Data records:

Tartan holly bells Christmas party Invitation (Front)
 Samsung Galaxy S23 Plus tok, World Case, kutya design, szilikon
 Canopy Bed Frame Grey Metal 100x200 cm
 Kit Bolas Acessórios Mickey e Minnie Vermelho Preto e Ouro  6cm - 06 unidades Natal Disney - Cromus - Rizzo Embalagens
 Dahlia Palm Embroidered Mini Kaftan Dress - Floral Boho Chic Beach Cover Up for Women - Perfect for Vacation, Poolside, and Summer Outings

...

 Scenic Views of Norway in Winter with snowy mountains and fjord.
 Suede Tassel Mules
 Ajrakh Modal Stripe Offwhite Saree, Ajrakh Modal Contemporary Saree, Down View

...

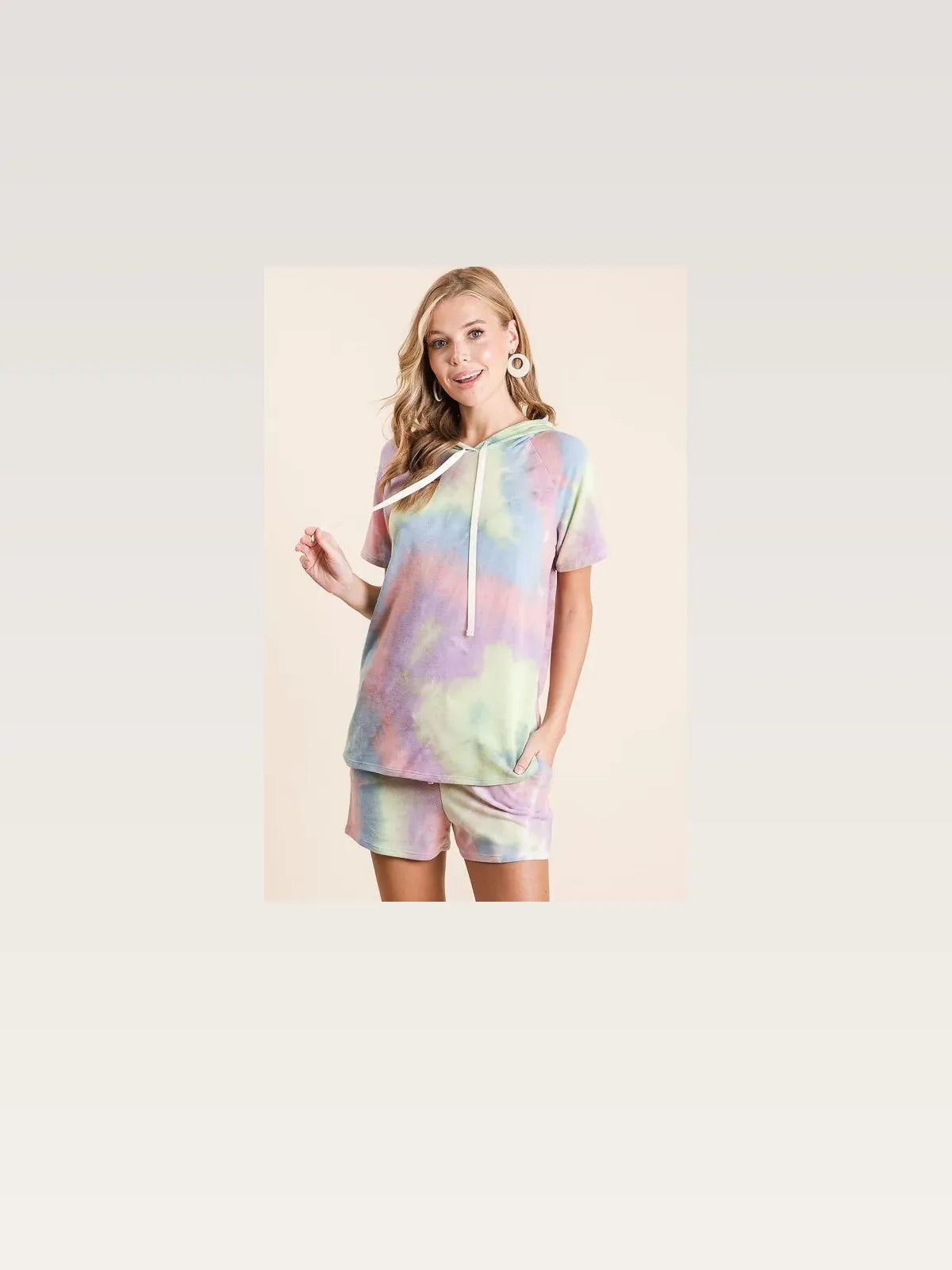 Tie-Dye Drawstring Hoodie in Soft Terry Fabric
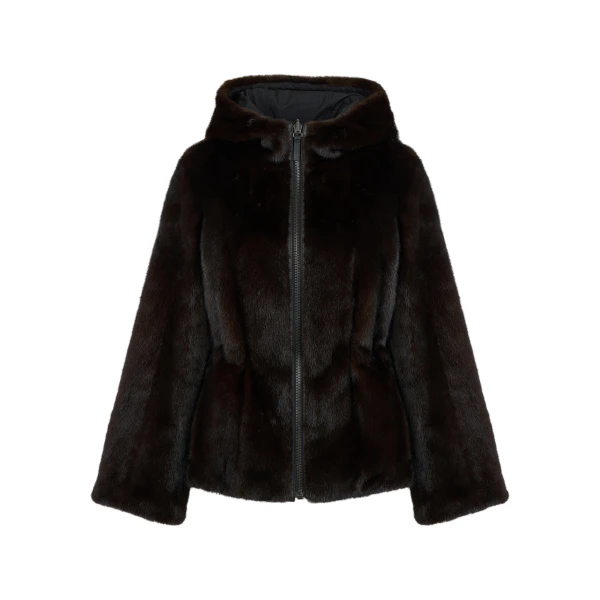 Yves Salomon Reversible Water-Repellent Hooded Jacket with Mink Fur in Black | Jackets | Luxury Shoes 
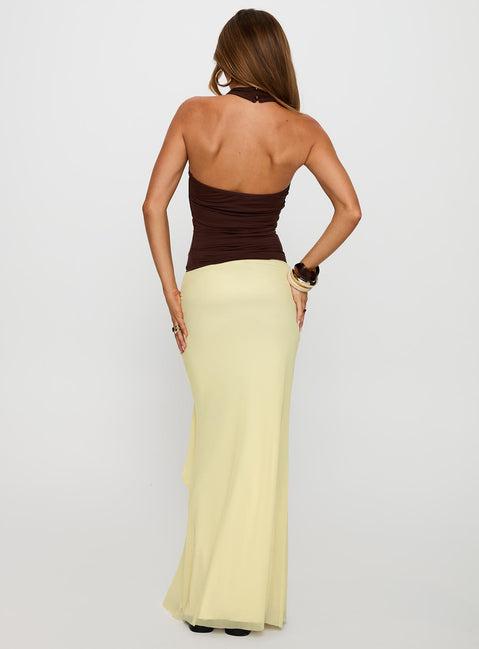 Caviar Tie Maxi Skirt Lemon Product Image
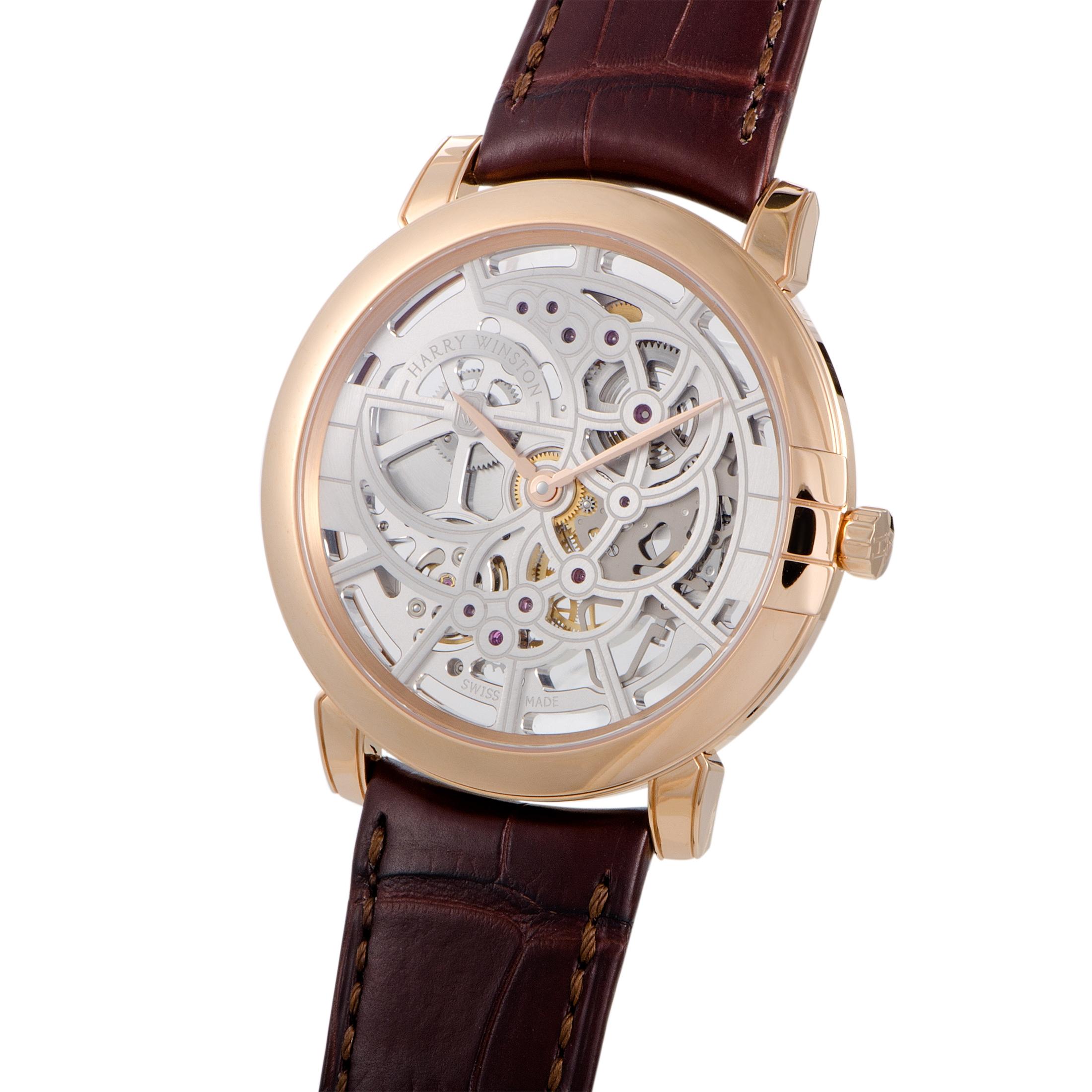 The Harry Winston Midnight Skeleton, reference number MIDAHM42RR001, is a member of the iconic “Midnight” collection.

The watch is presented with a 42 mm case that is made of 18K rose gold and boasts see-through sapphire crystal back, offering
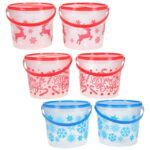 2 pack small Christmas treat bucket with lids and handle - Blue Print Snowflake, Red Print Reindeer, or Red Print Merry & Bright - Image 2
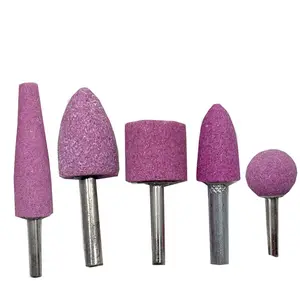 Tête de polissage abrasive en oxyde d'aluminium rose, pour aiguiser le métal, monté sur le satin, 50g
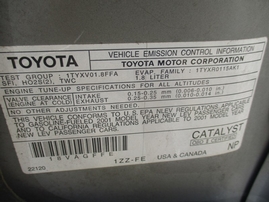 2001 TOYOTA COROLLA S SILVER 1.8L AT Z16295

Work required: Only the lines from the one containing "Kit Bolas Acessórios" through the one containing "Dahlia Palm Embroidered" are to be retyped, both boundary lines included, with no other material.

Response to the exercise:
 Kit Bolas Acessórios Mickey e Minnie Vermelho Preto e Ouro  6cm - 06 unidades Natal Disney - Cromus - Rizzo Embalagens
 Dahlia Palm Embroidered Mini Kaftan Dress - Floral Boho Chic Beach Cover Up for Women - Perfect for Vacation, Poolside, and Summer Outings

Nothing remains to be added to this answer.